Monsieur le ministre, c’est un constat, nos villes s’agrandissent à un rythme rapide. En même temps, on constate que les dispositions ne sont pas prises pour viabiliser les nouveaux quartiers où les habitants se retrouvent face aux problèmes d’approvisionnement en eau, en énergie électrique et en assainissement, et aussi au manque d’infrastructures sociaux de base. Que prévoit votre département ministériel face à cette situation?
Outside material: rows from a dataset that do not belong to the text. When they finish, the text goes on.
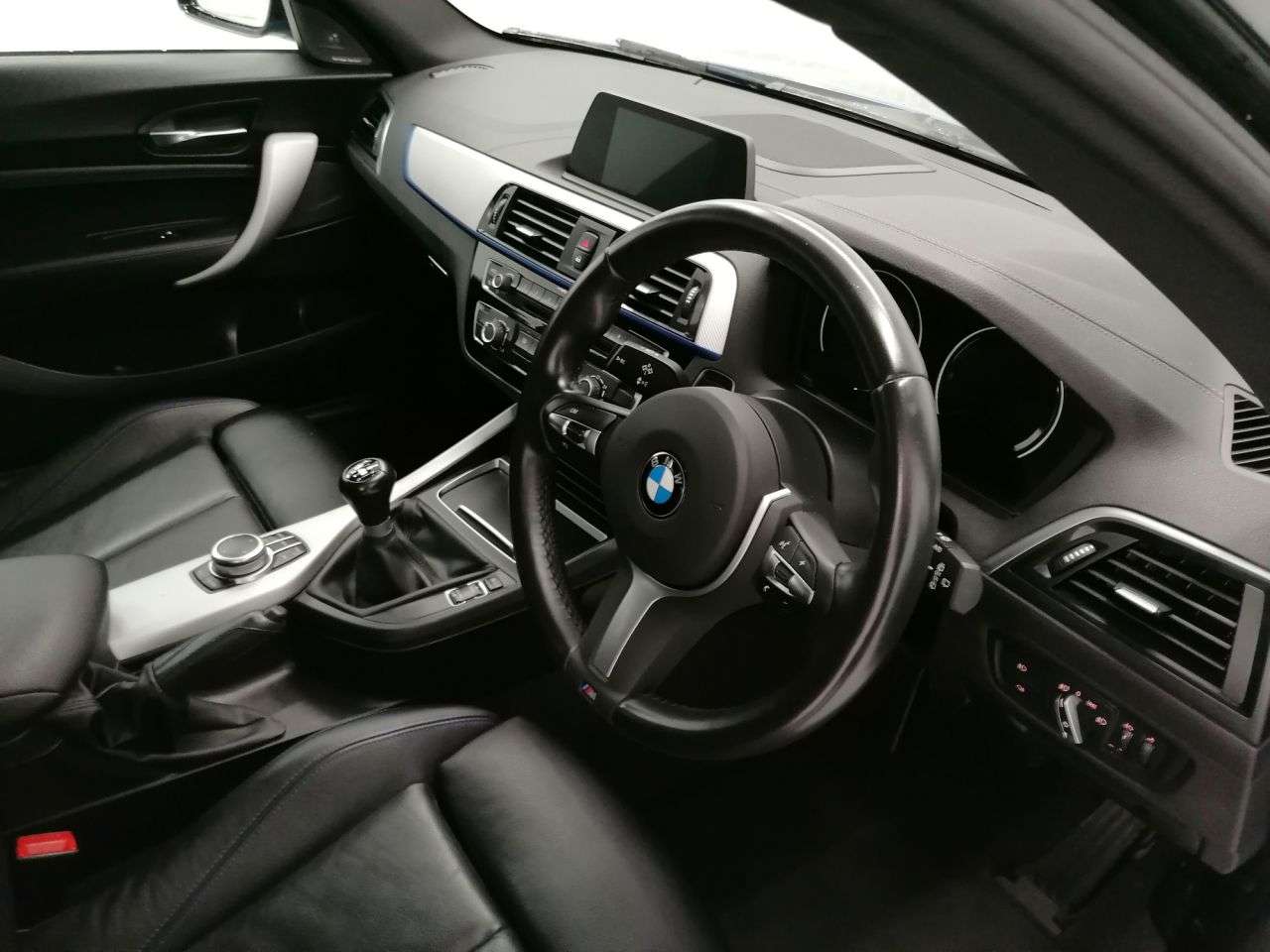 2019 BMW 1 SERIES 2019 BMW 1 SERIES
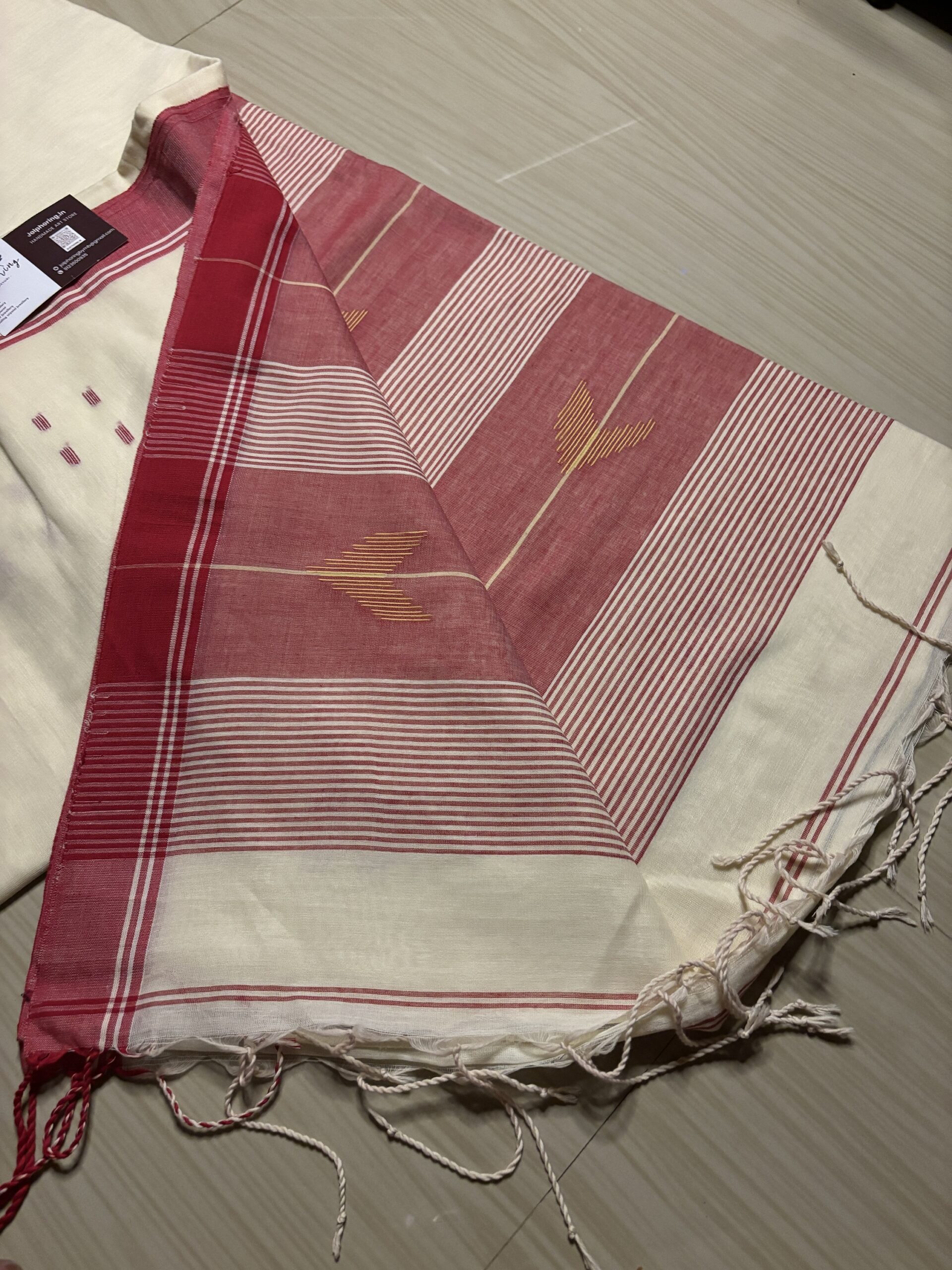 Labanya White Red Jamdani Saree - Image 5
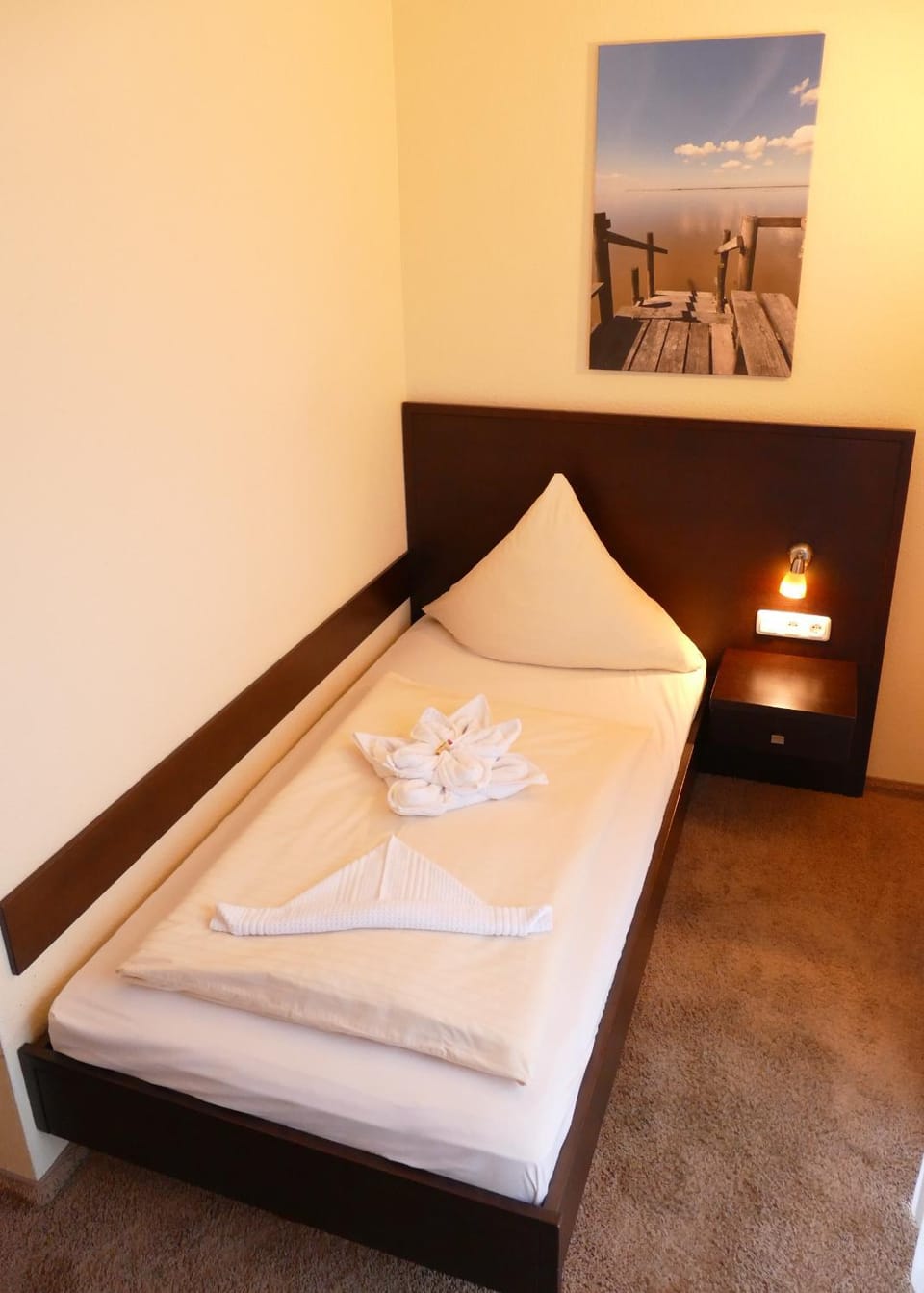 Bed, Photo of the whole room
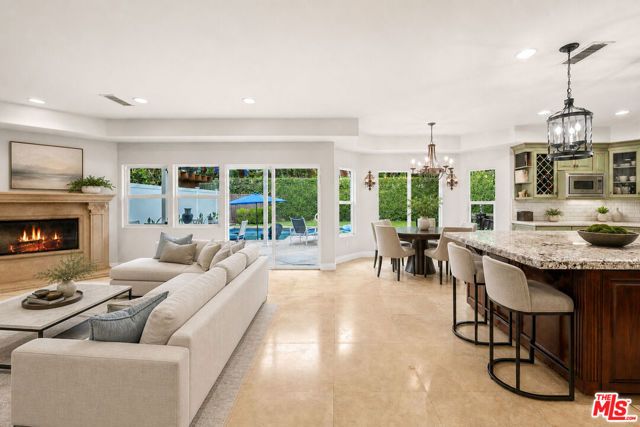 5419 Tampa Avenue, Tarzana (los Angeles), CA 91356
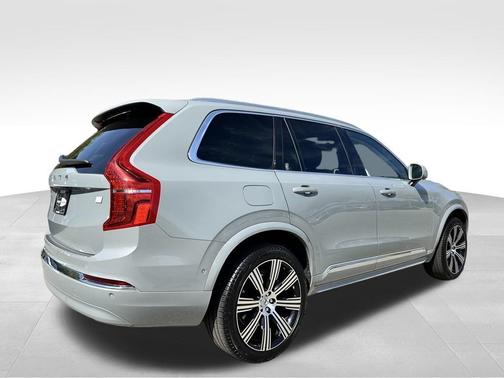 2024 Volvo XC90 Recharge Plug-In Hybrid T8 Plus 6 Passenger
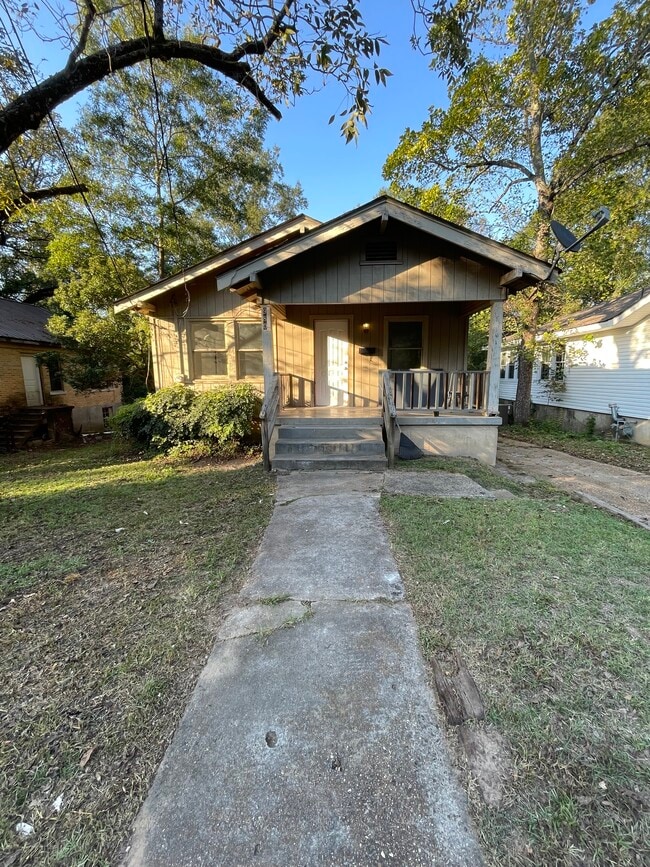 property at 980 Lyons Ln SW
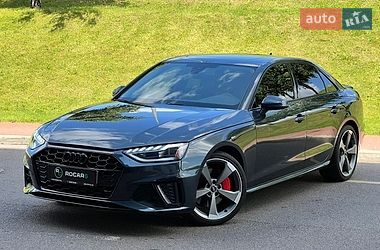 Седан Audi A4 2019 в Киеве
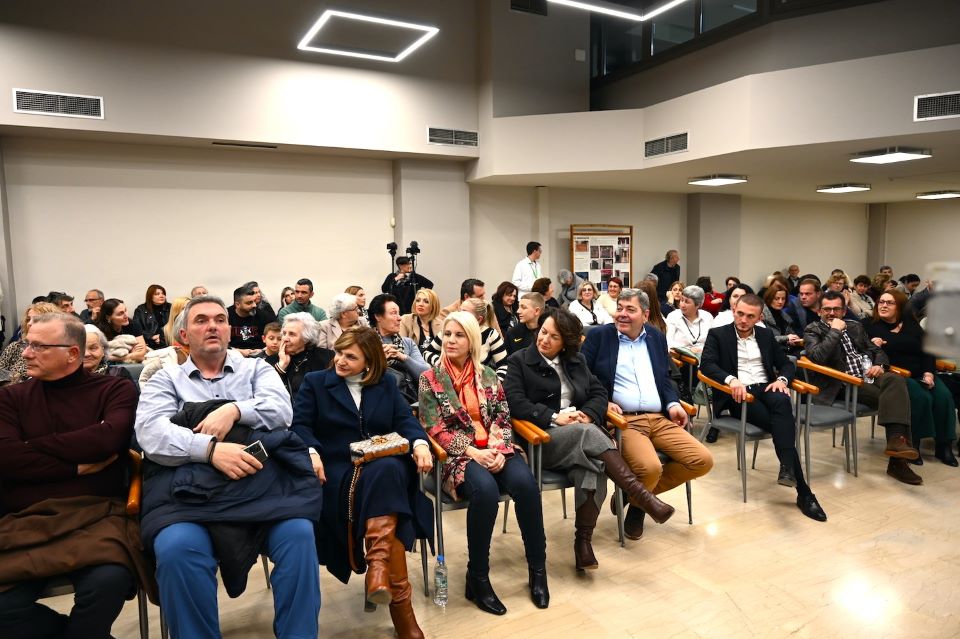 Με ξεχωριστή επιτυχία και σε κλίμα συγκίνησης πραγματοποιήθηκε η εκδήλωση «Τα Χριστούγεννα ενός καμένου δάσους»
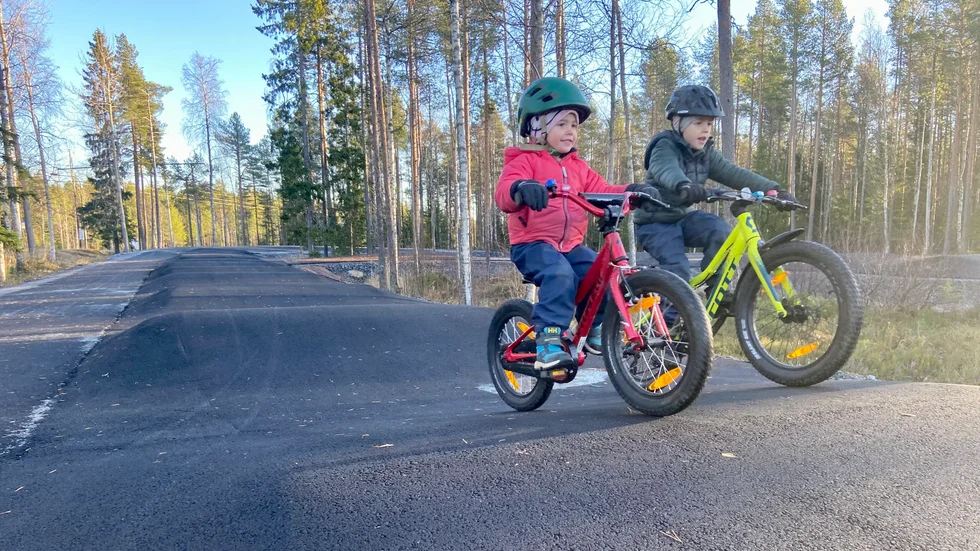 Vilmer och Thea Frisk Eriksson testar den teknikbana som asfalterats intill stadionområdet på Ormberget. Utöver teknikbanan finns det nu en 4,5 kilometer lång slinga som redan har börjat användas, inte minst av skidskyttar.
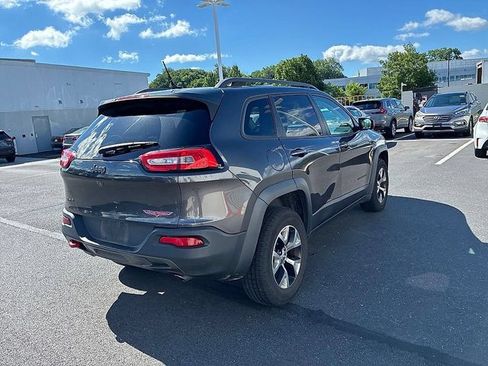 Used 2015 Jeep Cherokee Trailhawk AWD/4WD image 10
Ce constat est malheureusement très pertinent puisque les différents lotissements, qu’ils soient initiés par les municipalités ou par les promoteurs privés, ne sont pas viabilisés d’avance, quelques rares exceptions mises à part. Par ailleurs, la faiblesse des ressources des municipalités ne permet pas de procéder à cette viabilisation dans des délais relativement courts après l’installation des populations. Mais aussi, il faut dire que les lotissements viabilisés coûtent cher, et les gens n’ont pas toujours les moyens de les acquérir. Et, ces personnes qui cherchent à en finir avec la location, acceptent d’acheter les parcelles n’importe où, pourvu qu’elles arrivent à construire leurs maisons. Cette situation nous contraint à ce qu’il convient d’appeler »l’urbanisme de rattrapage » pour doter les différents quartiers d’infrastructures minimales indispensables pour l’amélioration des conditions de vie des populations. Pour ce faire, outre les efforts propres de l’Etat et des collectivités locales, nous bénéficions aussi de l’appui de nos partenaires techniques et financiers qui interviennent dans le secteur des infrastructures. Mais, il faut vraiment souligner, une fois encore, la pertinence du problème que vous posez, en matière de lotissement. Pour cela, nous entendons veiller à ce que tous ceux qui font les lotissements, qu’il s’agisse des collectivités ou des promoteurs privés, prennent les dispositions nécessaires afin que tout soit fait dans les règles de l’art. Notre ministère entend jouer tout son rôle. Et, au-delà des logements, nous nous occupons aussi de tout ce qui est bâtiment administratif, des normes en matière de construction, et aussi, dans le cadre de nos missions, les services et les particuliers peuvent recourir au service des techniciens.
Le Gouvernement a annoncé, tout récemment, sa décision de réhabiliter les villages urbains de Saga et Gamkallé, à Niamey. Comment sera menée cette opération ?
Ce programme concerne Saga et Gamakalé, qui sont aujourd’hui des quartiers de la ville de Niamey. L’objectif de cette opération est d’aboutir, à terme, à la réhabilitation de ces villages urbains à travers la réalisation des infrastructures (voiries, eau, électricité, assainissement), l’élévation du niveau des équipements socio-collectifs, le décongestionnement des concessions surpeuplées, la régularisation foncière, etc. Ces actions engendreront inévitablement le déplacement de certains habitants de ces quartiers et leur recasement sur un autre site à aménager avec toutes les commodités nécessaires. Cette opération sera mise en œuvre à travers plusieurs phases successives dont celle dite »phase test » prévue de mai 2014 à septembre 2015.